# Senior Daze



## Grumpy Ol' Man (Sep 7, 2014)

One night a nurse was making her rounds in a nursing home. While walking down the hall, she came across an open door. She looked in and saw old Frank sitting up in bed pretending to drive.
She asked "Frank, what are you doing?" He replied "I'm driving to Toronto". The nurse smiled at him and carried on making her rounds.
The next night as she walked past Frank's room she saw the same thing. Again she asked "Frank, what are you doing?" He replied "I'm driving to Toronto. It"s a two day trip, you know!" The nurse smiled at him and carried on making her rounds.
Five minutes later she came across another open door and looked in. She saw Bob pretending to have sex with someone. She asked "Bob, what are you doing?" Bob replied "I'm having sex with Frank's wife. He's gone to Toronto for a couple of days"...​


----------



## Grumpy Ol' Man (Sep 7, 2014)

A woman's husband had been slipping in and out of a coma for several months, yet she had stayed by his bedside every single day. 
One day, when he came to, he motioned for her to come nearer. 
As she sat by him, he whispered, eyes full of tears, "You know what? You have been with me all through the bad times. When I got fired, you were there to support me. When my business failed, you were there. When I got shot, you were by my side. When we lost the house, you stayed right here. When my health started failing, you were still by my side. You know what?" "What dear?" she asked gently, smiling as her heart began to fill with warmth. ”I think you're bad luck."​


----------



## Falcon (Sep 7, 2014)

I'm :lol1:  @ BOTH your jokes.


----------



## Ina (Sep 7, 2014)

Bet she made sure the old fart had life insurance! We are so funny.  :lofl:


----------



## Meanderer (Sep 7, 2014)




----------



## Grumpy Ol' Man (Sep 8, 2014)

The elderly gentleman had been having some unidentified health issues.  So, he and his wife consulted with their family doctor.  After some checking, the doctor said he needed to run some tests.  He told the gentleman he would need a urine sample and a stool sample.  To which his wife spoke up, "George, just leave him your underwear!"


----------



## Grumpy Ol' Man (Sep 8, 2014)

The elderly gentleman was visiting with the doctor at his annual physical.  The doctor asked, "George, are your bladder eliminations and bowel movements regular?"
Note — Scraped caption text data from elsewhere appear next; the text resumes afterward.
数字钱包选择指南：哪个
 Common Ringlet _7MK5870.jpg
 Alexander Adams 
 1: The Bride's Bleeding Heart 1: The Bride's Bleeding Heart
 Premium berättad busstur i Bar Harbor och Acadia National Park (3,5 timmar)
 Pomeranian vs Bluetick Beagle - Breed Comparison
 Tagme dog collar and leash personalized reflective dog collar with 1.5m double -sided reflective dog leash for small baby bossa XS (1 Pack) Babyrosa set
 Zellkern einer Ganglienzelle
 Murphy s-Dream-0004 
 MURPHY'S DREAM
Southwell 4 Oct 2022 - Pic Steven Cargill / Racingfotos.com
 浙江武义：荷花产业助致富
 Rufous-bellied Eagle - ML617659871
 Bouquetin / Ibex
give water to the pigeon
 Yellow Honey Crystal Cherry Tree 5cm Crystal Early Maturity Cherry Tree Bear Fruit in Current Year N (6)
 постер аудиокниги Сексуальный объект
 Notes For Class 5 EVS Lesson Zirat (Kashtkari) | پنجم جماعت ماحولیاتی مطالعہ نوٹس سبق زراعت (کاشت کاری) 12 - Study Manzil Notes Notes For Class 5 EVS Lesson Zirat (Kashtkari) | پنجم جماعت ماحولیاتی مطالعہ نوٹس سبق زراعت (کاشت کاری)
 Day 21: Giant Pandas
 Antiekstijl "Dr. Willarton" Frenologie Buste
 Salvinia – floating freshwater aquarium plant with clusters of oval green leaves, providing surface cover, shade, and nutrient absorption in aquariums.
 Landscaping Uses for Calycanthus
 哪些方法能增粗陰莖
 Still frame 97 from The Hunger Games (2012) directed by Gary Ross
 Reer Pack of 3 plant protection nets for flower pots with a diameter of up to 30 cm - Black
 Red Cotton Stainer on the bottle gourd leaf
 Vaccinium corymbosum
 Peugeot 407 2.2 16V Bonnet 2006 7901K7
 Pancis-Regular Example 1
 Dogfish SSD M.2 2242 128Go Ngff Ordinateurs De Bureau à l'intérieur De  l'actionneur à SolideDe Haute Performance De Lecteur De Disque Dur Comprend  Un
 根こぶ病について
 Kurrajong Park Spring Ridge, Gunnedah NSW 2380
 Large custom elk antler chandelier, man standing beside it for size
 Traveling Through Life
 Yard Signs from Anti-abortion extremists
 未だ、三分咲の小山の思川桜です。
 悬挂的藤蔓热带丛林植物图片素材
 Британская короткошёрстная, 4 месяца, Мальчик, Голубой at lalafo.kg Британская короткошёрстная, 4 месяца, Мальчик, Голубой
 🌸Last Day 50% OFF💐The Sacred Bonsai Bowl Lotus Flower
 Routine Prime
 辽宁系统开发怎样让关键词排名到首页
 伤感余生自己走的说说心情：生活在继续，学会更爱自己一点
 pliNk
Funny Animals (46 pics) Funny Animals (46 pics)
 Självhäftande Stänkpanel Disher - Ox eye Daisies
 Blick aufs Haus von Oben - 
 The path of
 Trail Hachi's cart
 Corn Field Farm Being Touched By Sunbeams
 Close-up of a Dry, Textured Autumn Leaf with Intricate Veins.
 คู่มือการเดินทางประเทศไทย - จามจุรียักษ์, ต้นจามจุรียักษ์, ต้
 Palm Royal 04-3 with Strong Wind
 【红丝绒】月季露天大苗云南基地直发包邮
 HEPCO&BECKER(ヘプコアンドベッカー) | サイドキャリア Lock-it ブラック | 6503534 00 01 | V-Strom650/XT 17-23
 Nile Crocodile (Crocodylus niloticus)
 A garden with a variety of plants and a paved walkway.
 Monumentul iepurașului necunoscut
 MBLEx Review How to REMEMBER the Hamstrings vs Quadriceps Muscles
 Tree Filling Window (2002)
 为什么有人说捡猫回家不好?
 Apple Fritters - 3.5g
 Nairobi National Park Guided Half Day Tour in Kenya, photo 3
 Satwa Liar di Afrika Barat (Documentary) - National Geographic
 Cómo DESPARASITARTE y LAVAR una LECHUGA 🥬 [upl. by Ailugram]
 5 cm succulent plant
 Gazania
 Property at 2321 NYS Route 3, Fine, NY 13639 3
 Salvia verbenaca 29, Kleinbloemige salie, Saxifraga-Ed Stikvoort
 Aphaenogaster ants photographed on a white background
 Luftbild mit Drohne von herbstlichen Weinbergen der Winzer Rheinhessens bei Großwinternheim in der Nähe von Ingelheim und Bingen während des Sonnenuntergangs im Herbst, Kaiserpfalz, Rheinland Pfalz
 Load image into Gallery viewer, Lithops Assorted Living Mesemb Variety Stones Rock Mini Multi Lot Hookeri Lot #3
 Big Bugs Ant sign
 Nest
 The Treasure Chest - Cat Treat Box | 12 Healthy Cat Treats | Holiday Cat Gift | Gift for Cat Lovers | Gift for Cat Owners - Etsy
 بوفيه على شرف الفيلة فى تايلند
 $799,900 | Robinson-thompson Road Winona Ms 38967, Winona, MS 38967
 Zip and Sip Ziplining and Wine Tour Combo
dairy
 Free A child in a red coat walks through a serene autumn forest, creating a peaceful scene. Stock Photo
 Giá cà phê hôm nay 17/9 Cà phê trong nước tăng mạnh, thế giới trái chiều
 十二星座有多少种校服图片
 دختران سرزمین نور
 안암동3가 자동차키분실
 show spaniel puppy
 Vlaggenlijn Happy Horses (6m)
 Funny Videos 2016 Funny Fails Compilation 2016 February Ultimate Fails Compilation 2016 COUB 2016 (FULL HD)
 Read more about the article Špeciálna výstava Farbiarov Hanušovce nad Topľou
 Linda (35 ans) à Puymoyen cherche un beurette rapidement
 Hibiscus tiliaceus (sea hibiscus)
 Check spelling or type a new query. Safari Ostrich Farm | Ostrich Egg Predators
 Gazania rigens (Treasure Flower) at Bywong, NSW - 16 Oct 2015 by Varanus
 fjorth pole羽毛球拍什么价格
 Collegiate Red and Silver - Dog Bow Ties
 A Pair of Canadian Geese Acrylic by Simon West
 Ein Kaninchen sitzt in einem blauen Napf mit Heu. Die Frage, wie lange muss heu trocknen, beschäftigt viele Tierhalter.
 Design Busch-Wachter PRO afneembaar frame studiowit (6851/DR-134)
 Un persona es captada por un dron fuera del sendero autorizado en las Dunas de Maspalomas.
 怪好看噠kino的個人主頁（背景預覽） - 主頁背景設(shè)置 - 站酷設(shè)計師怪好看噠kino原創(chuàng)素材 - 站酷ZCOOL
"Doc, regular as clockwork!  My bladder empties at exactly 5 a.m. every morning.  My bowels empty at exactly 5:30 every morning."  

"George, that's awesome!"

"No it's not, Doc!  I don't wake up until 6:00!!!"


----------



## Meanderer (Sep 8, 2014)




----------



## Shirley (Sep 8, 2014)

:lol1:


----------



## Grumpy Ol' Man (Sep 9, 2014)

Little known fact.  The largest consumer of ED drugs, ******, etc. is the nursing home industry.  It's the easiest way to keep the old gents from rolling out of bed!!!


----------



## Grumpy Ol' Man (Sep 9, 2014)

The lady was standing in front of the mirror, naked, crying her eyes out.  Her husband inquired as to what was the problem.  "My body is so old.  Everything droops.  Everything's wrinkled.  My hips are to wide.  All my joints ache.  Nothing works right anymore!"  To which he replied... "Cheer up, Honey!  Your eyesight is just fine!"


----------